A modificação da sede de exercício do servidor para outro lugar, em caráter
permanente, pode ocorrer por meio dos institutos da remoção e da cessão para ocupar cargo em
comissão.
8.
A própria Lei nº 8.112/90, em seu art. 53, indica a finalidade da ajuda de
custo, qual seja, compensar as despesas de instalação do servidor na nova sede.
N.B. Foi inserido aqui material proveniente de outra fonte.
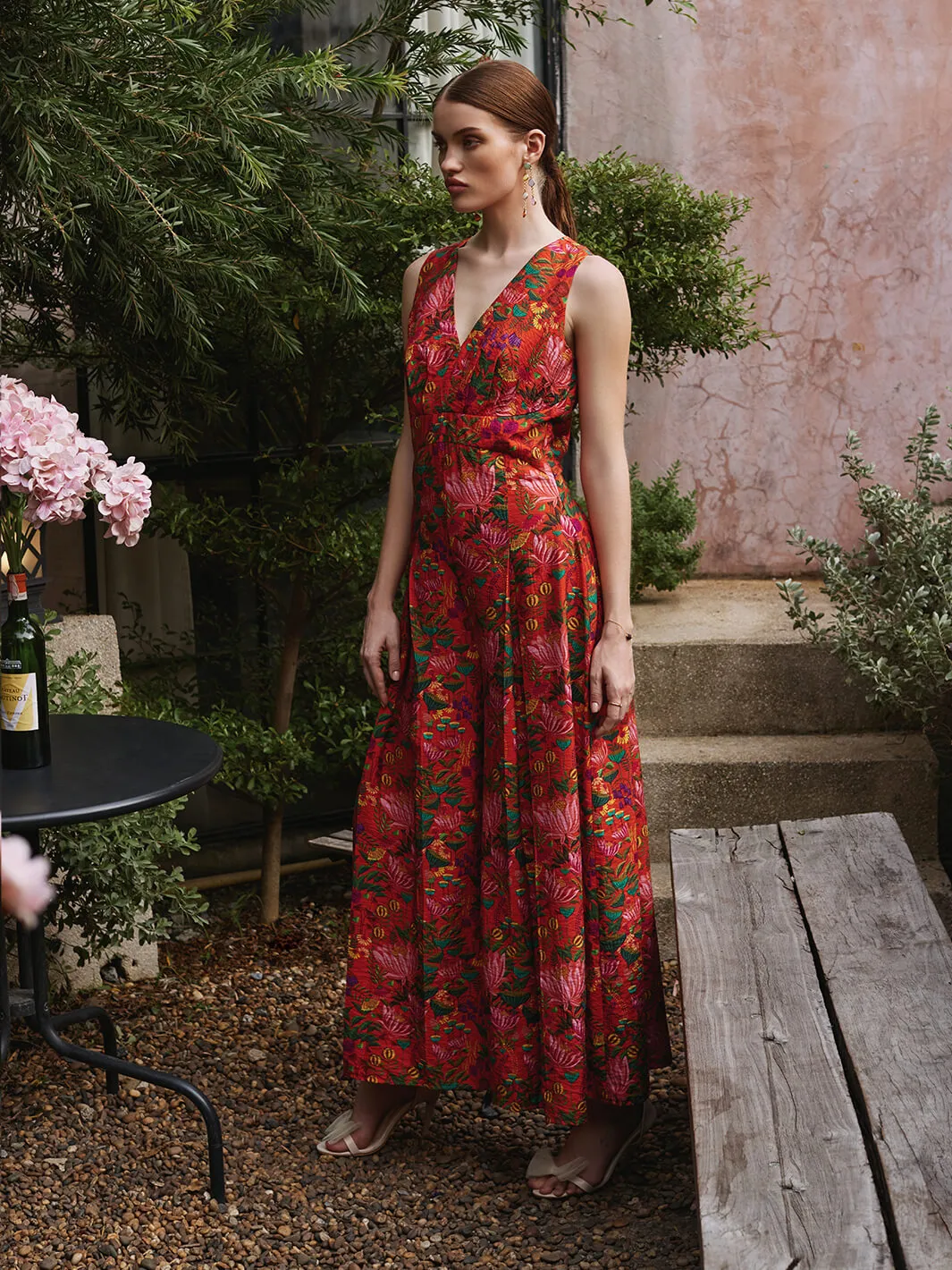 Kansas Pleated Jumpsuit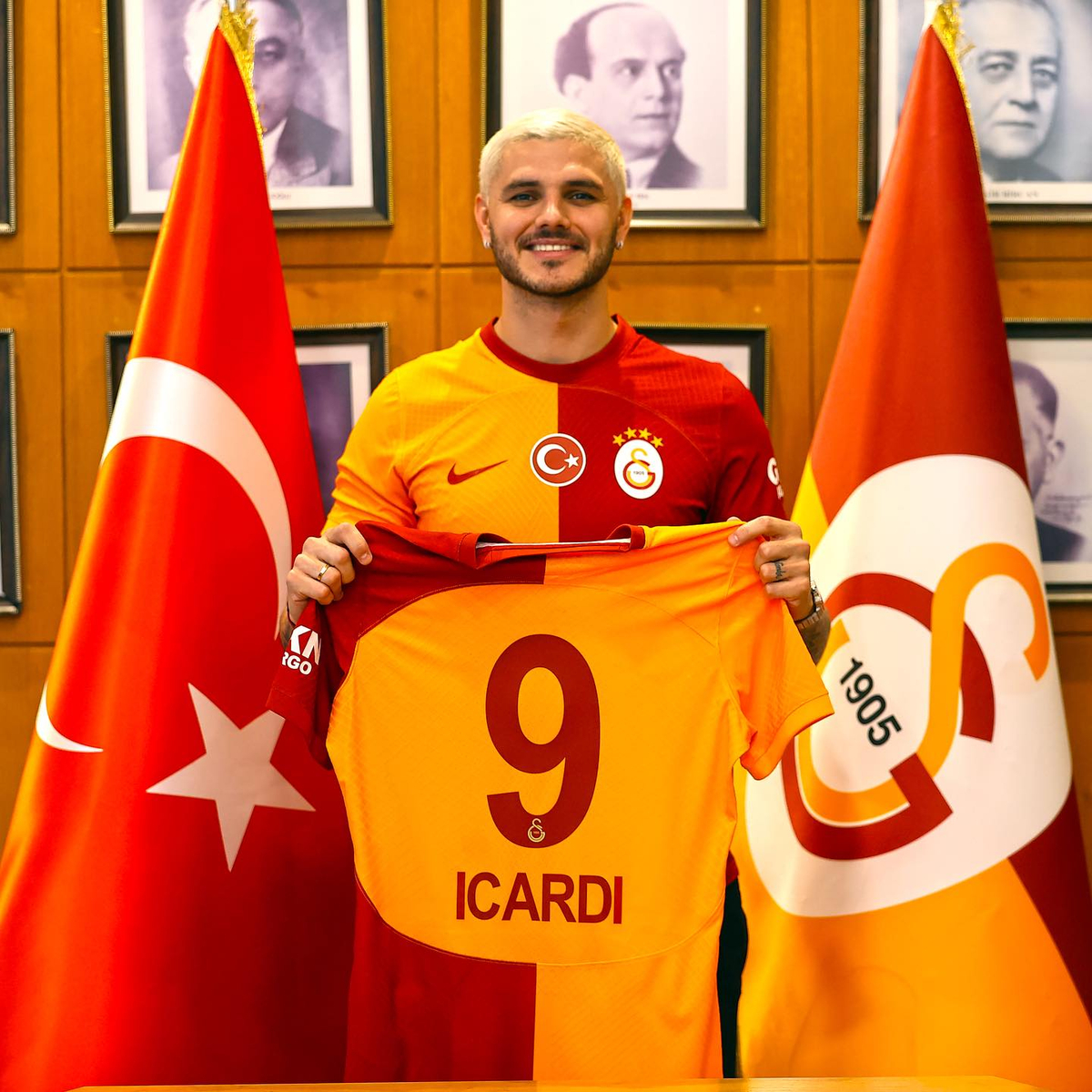 Officiellement, Icardi est transféré à Galatasaray 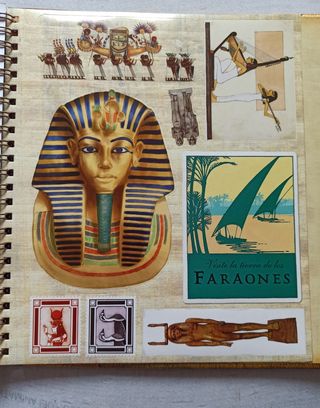 Tesoros de Egipto Libro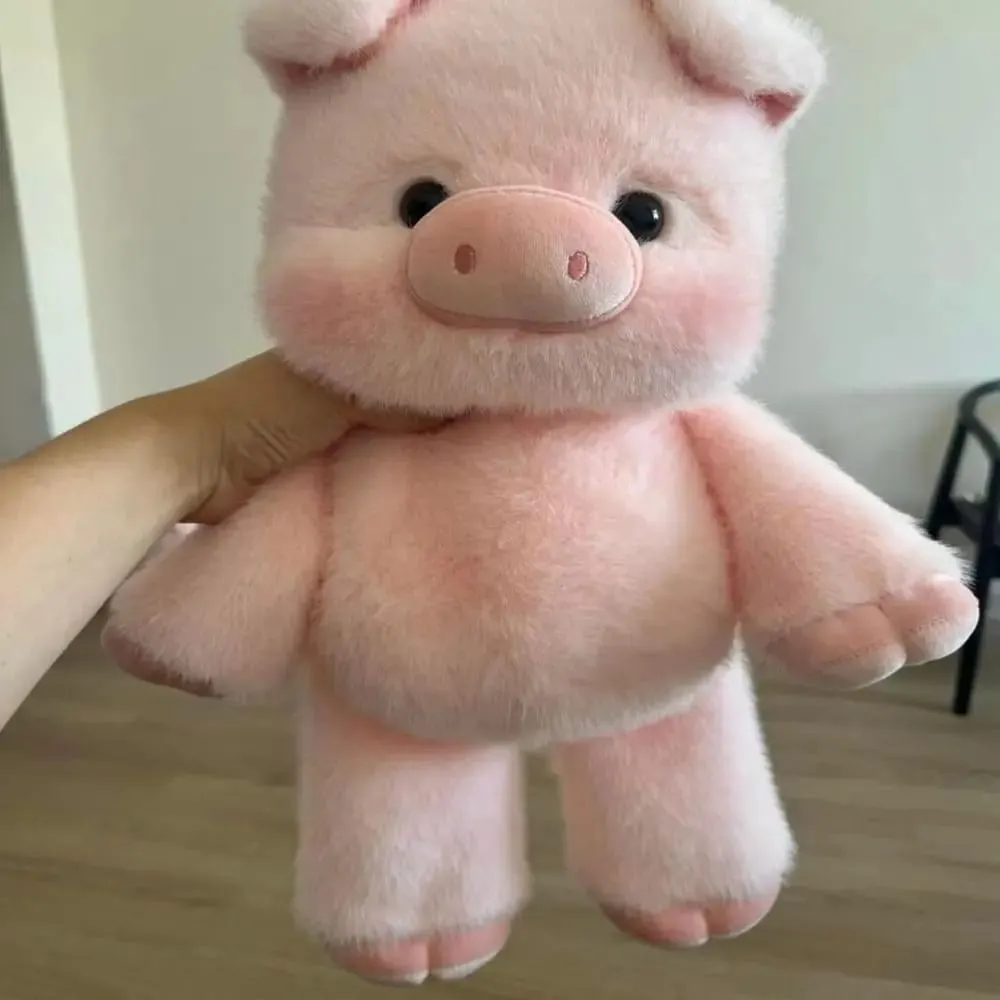 New Design Soft Pig Stuffed Animal Plush Pillow Cute Emotional Support Plush Toy 17.7inch Stuffed Toys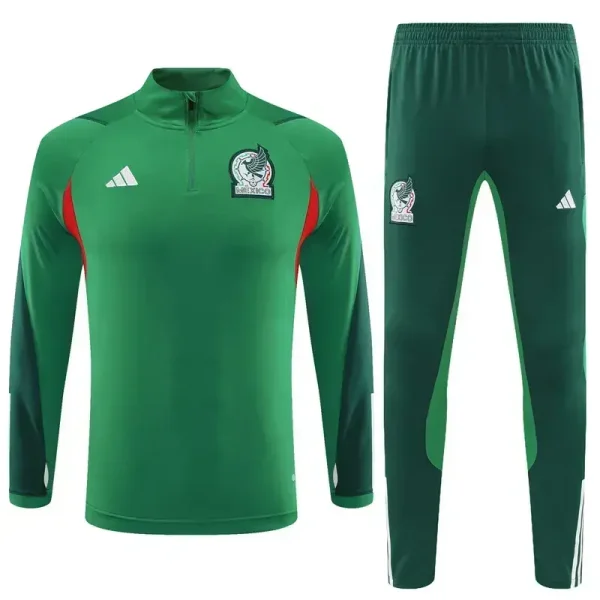 Mexico 2023-24 Half-Zip Tracksuit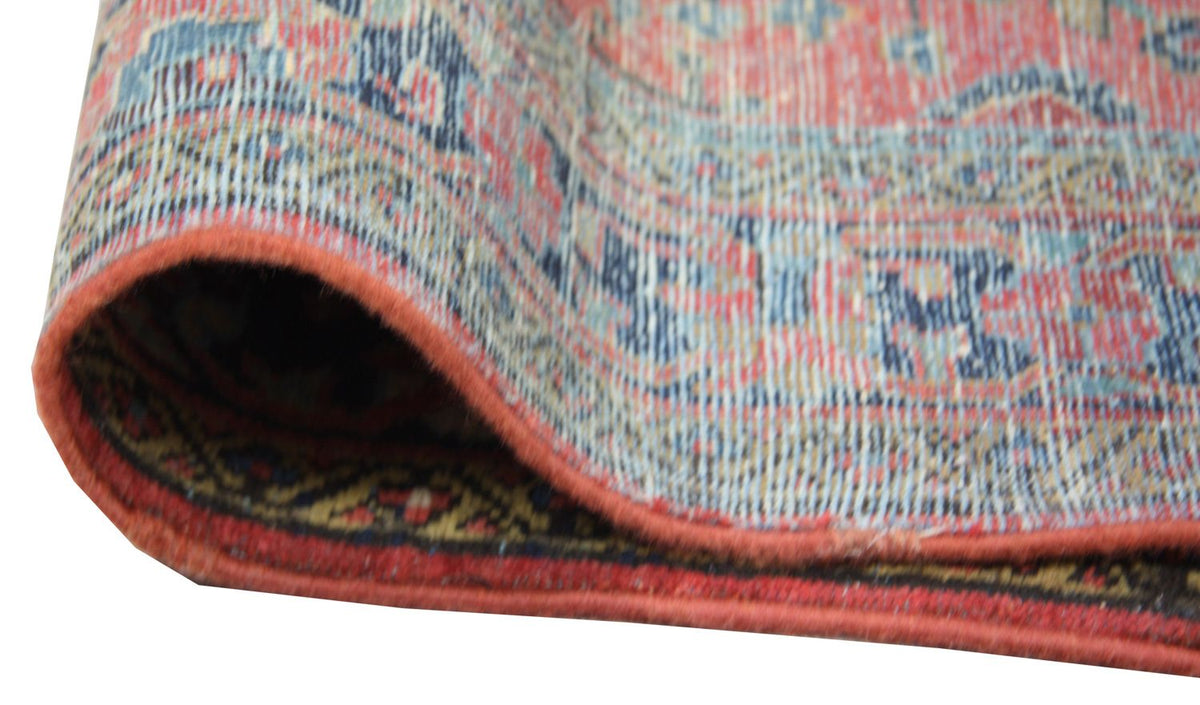 Dywan perski - Klasyczny - 207 x 137 cm - czerwony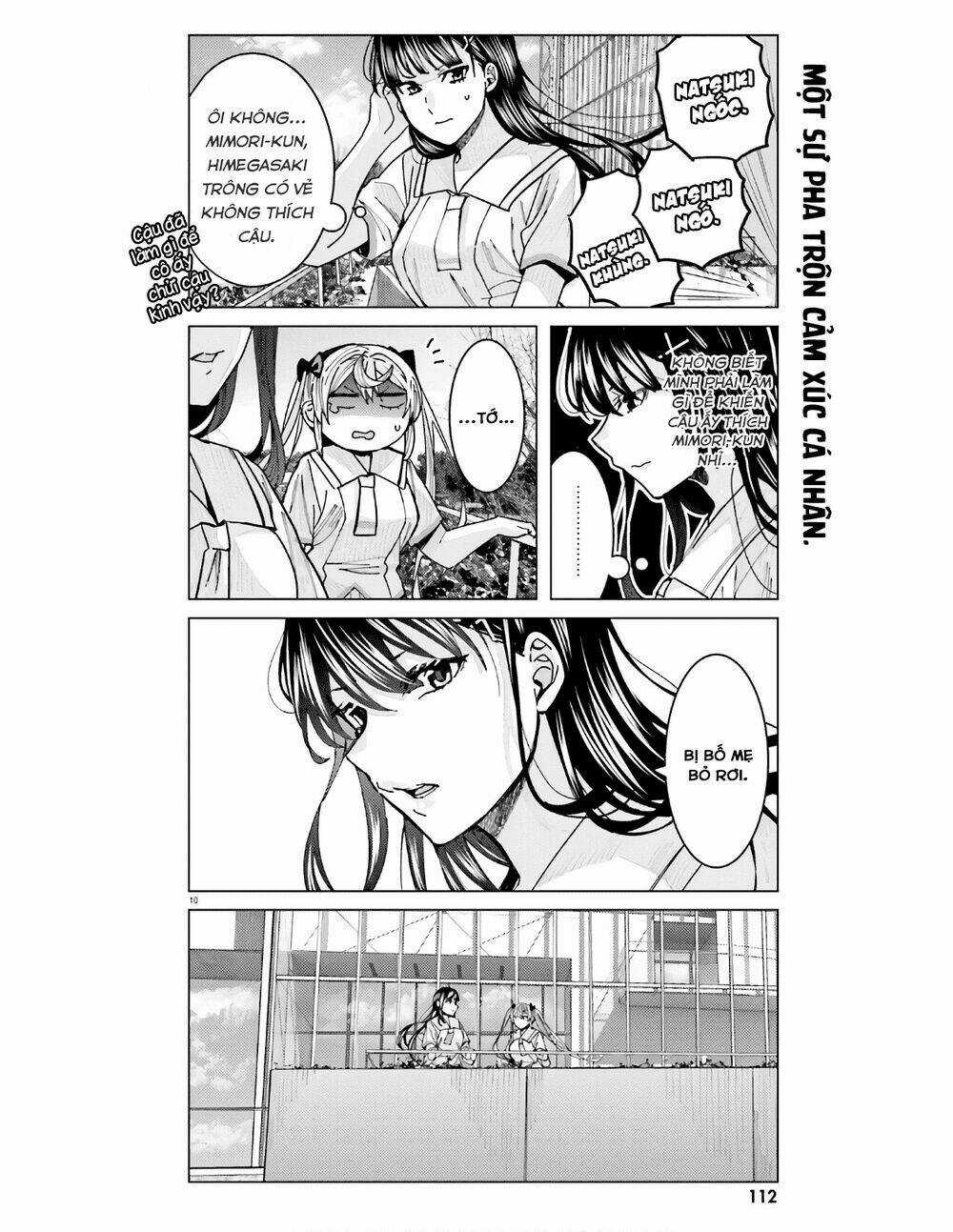 HIMEGASAKI SAKURAKO WA KYOUMO FUBIN KAWAII! Chapter 12 trang 10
Portanto, o que se
procura indenizar com a ajuda de custo são os dispêndios comuns e inevitáveis que o servidor tem
para se instalar, sem planejamento prévio e com rapidez necessária, na nova sede.
9.
Embora a legislação titule a ajuda de custo como uma indenização, ao
verificar sua natureza e forma de concessão, percebe-se que se trata de um auxílio financeiro, haja
vista que não é concedida mediante a apresentação de contra-recibo e, por possuir valor variável,
pode cobrir ou não integralmente as despesas de instalação do servidor.
10.
Consciente de que todas as pessoas que alteram seu domicílio, para exercer
uma atividade no interesse da administração pública federal terão despesas ocasionadas pela
necessária instalação na nova sede, a Lei nº 8.112/90, em seu art. 56, estendeu o direito à percepção
de ajuda de custo para aquelas outras pessoas, que mesmo não detendo a condição de servidores
efetivos da União, forem nomeadas para cargos em comissão, nos seguintes termos:
Art. 56. Será concedida ajuda de custo àquele que, não sendo servidor da União,
for nomeado para cargo em comissão, com mudança de domicílio.
11.
Com o propósito de regulamentar os dispositivos da Lei nº 8.112/90, que
prevêem o direito ao recebimento da indenização de ajuda de custo e da indenização de transporte,
tanto pessoal quanto de mobiliários residenciais, em primeiro lugar, foi editado o Decreto nº 1.445,
de 05 de abril de 1995, o qual foi posteriormente alterado pelo Decreto nº 1.637, de 15 de setembro
de 1995.
12.
Em seguida, foi editado o Decreto nº 4.004/01, que revogou o Decreto nº
1.445/95 e atualmente encontra-se em vigor.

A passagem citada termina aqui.